Chances are, however, that you won't. Because all these political-media-industry voices will keep on telling you how important Bernanke and the Fed are. The Fed sets interest rates, right? Wrong. It does nothing of the kind. All Bernanke can do is set a Fed funds rate, close his eyes, fold his hands and pray it’ll stick for more than 5 minutes. That's the extent of his control over interest rates. In reality, the markets set interest rates. A nice example came yesterday from Ian Talley at Dow Jones Newswires, with a headline that ran: IMF Urges ECB To Keep Italian Borrowing Rates Down.

That's all you need to know, really, when it comes to central banks and their grip on interest rates. Obviously, the ECB would love to keep Italy's borrowing rates down, it would save it a huge headache. Problem is, it can't: the markets currently demand a much higher rate for Italian debt than the ECB, or Rome, like. What the IMF wants the ECB to do is buy huge piles of Italian debt, while in the process de facto crippling the free market system.

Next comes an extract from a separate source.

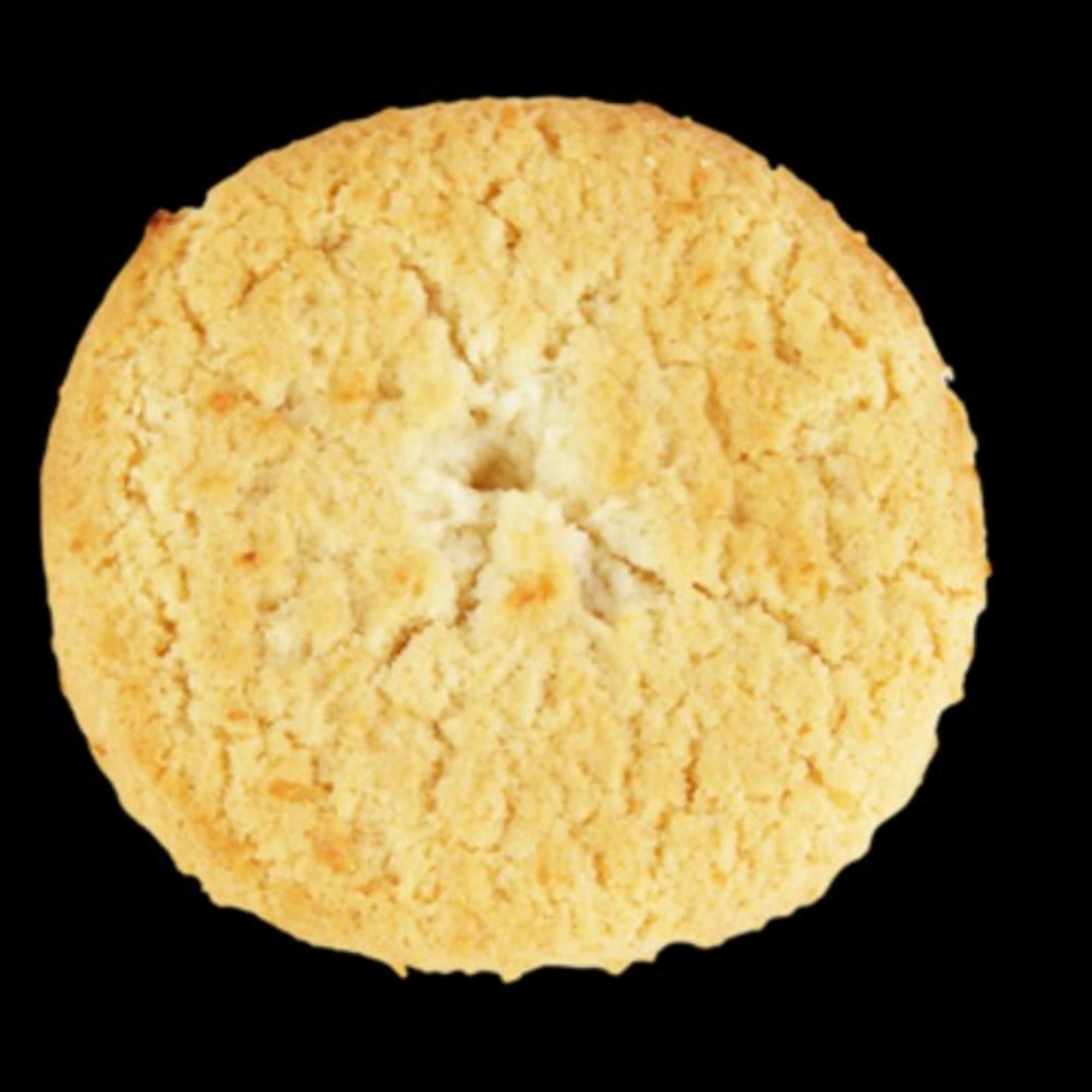 Coconut Cookie--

 But until and unless Italian debt is purged, the ECB would have to buy all of it, including all the upcoming dozens of billions in rollovers, or Italy would need to go elsewhere anyway. The ECB may save the day, but that's all: it can't even save the week that day is in. The Fed has a bunch if options this afternoon, say the media. It can Twist, i.e. sell short term Treasuries to buy long term ones, but that buck stops at about $300 billion and carries no surprises, is priced in. It can cut the interest rate it pays on excess reserves banks hold with it (IOER).

Priced in as well, and by no means a big deal to begin with: banks are not going to start lending again all of a sudden because that rate falls from 0.25% to something even less. The third option is a change of language, to the effect that Bernanke will say they'll keep interest rates at X% until unemployment is below Y%, as long as inflation remains below Z%. Well, that is moot, since, as we saw, the Fed doesn’t set interest rates. What is interesting in this regard is what language Ben will utter when a Greek default starts the EU downfall and the grand flight to safety into the USD and Treasuries. It'll demolish US exports, which will demolish jobs, which will drive down home prices, and so on and so forth. The dollar will be strong, but the majority of Americans won't have any.

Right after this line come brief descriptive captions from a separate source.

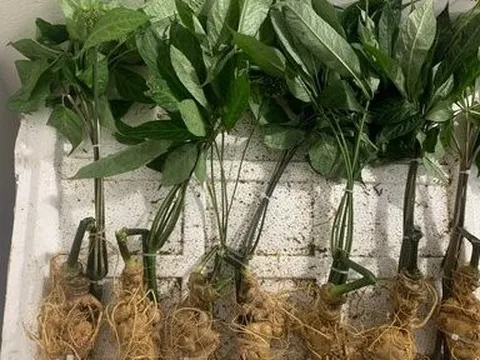 Quảng Nam: Lý do huỷ gói thầu mua cây giống sâm Ngọc Linh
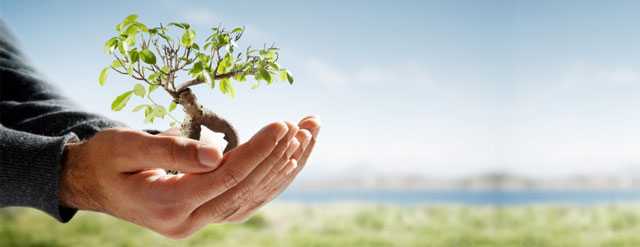 Bankers For Development-Better Without Hangovers From Their Banking Days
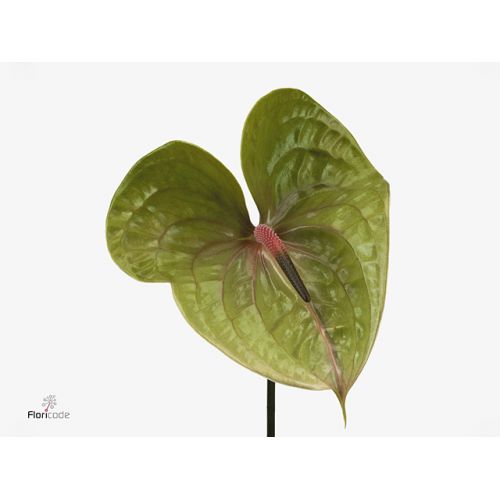 ANTHURIUM PISTACHE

 Ben will, in that case too, still be naked and impotent, but don't count on him admitting it. And that's the real problem here, isn't it? Surely there must be some neuron in that bald scalp that realizes it's attached to nothing but a chubby flubby naked body. That neuron, then, will also realize that the body has no balls either.

Wouldn't it be something if Bernanke simply states the truth later today, and tells the nation there's nothing he can do to save it, but that even though he may be impotent, he sure as hell still can grow a pair, and he's decided to come clean? Nah, dream on, that would take a real man.

 PS: No, it's true, Bernanke is of course not entirely without power. He has the power to take as much of your money as he pleases, to do with as he pleases. And he does so with reckless abandon. But that's not what he's going to talk about. .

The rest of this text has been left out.